● **WORK INSTRUCTION**: Your answer should be the line containing "SOURCES OF ERROR IN HEIGHT MEASUREMENT" and every line after it to the end of the records below, word for word.

○ ○ ○ ○ ○

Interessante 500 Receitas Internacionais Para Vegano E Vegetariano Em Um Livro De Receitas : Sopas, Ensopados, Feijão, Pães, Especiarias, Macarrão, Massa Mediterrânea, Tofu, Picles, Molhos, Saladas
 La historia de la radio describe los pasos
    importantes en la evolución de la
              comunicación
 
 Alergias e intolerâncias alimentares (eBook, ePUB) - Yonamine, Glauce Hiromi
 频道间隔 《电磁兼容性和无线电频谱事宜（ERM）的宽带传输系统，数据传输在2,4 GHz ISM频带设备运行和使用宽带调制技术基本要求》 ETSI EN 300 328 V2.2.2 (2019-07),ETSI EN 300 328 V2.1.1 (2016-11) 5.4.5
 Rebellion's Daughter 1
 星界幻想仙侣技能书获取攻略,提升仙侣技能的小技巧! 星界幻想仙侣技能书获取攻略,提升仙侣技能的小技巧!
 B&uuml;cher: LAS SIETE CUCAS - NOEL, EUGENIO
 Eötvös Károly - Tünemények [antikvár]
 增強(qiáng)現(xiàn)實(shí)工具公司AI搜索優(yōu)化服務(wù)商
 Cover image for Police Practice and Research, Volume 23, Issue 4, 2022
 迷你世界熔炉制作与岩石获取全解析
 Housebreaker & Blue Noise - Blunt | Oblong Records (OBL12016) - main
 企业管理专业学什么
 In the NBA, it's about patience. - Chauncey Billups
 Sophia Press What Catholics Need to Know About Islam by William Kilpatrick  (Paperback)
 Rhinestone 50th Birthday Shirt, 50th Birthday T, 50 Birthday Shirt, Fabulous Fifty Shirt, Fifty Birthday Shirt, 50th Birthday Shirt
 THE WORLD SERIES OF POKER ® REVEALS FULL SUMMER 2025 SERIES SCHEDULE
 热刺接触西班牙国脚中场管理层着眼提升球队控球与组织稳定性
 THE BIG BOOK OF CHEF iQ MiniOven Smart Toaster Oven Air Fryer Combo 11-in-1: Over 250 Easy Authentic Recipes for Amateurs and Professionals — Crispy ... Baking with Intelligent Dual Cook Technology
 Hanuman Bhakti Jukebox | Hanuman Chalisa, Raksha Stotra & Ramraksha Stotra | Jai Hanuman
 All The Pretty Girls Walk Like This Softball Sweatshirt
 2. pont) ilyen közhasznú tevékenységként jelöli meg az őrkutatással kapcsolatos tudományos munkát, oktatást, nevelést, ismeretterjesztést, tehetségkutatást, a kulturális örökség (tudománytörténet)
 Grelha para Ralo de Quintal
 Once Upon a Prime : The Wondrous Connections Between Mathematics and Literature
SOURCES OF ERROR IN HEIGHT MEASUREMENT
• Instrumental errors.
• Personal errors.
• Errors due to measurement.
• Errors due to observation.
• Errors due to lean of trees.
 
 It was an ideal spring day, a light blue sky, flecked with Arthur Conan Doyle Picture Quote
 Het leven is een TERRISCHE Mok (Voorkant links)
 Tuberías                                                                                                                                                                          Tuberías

○ ○ ○ ○ ○

● **RESULT**:
SOURCES OF ERROR IN HEIGHT MEASUREMENT
• Instrumental errors.
• Personal errors.
• Errors due to measurement.
• Errors due to observation.
• Errors due to lean of trees.
 
 It was an ideal spring day, a light blue sky, flecked with Arthur Conan Doyle Picture Quote
 Het leven is een TERRISCHE Mok (Voorkant links)
 Tuberías                                                                                                                                                                          Tuberías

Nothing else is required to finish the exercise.